Lets start with this matrix, where elements tell their indexing:

mat = [
  ['00', '01', '02'],
  ['10', '11', '12'],
  ['20', '21', '22'],
  ['30', '31', '32']
]

And define an helper method just to get the shape of the matrix and to check which is well formed:

def shape(mat)
  raise 'Out of shape' if mat.map(&:size).uniq.size > 1
  return mat.size, mat[0].size
end

Implementation

Now, let's define a method that takes as input the starting point, the limits of the matrix (shape) and the direction.

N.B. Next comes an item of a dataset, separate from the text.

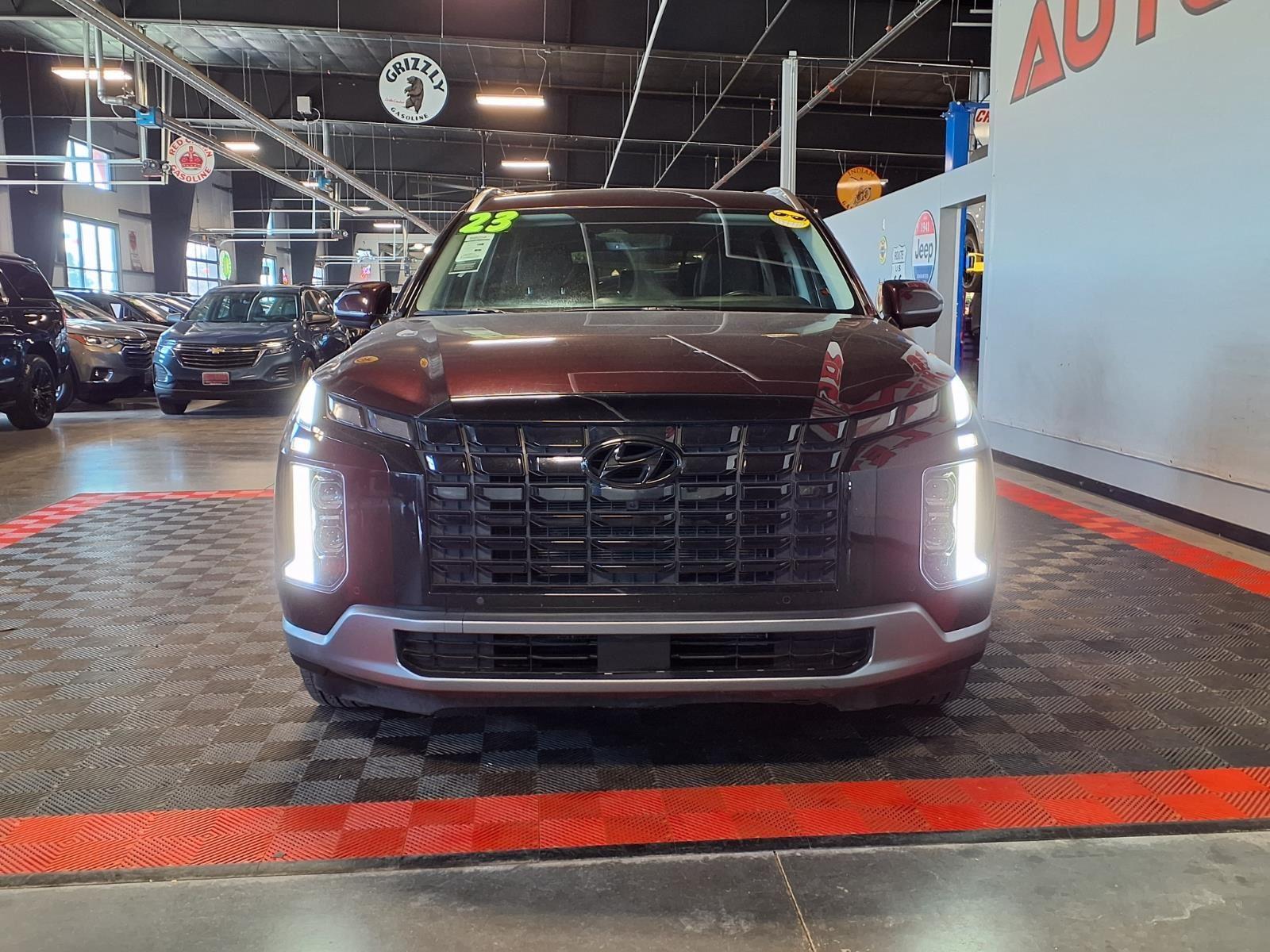 2023 Hyundai Palisade SEL - Sierra Burgundy exterior view 2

def walk(i_0, j_0, i_max, j_max, direction, res=[])
  d_i, d_j = direction
  next_step = [i_0 + d_i, j_0 + d_j]
  if [-1, i_max].include?(next_step[0]) || [-1, j_max].include?(next_step[1])
    return res
  end
  res << next_step
  i_0, j_0 = next_step
  walk(i_0, j_0, i_max, j_max, direction, res)
end

The method returns the list of indexes starting from the origin and walking along the direction.

Usage examples

Example 1

i_0, j_0 = [2, 0]
i_max, j_max = shape(mat)
direction = [-1, 1]
walk(i_0, j_0, *shape(mat), direction)
#=> [[1, 1], [0, 2]]

Example 2

You can use it to extract the indexes given a list of directions.

It's possible to arrange the list of directions to give a scan order (clockwise, cclockwise) or just skip some directions, as you will.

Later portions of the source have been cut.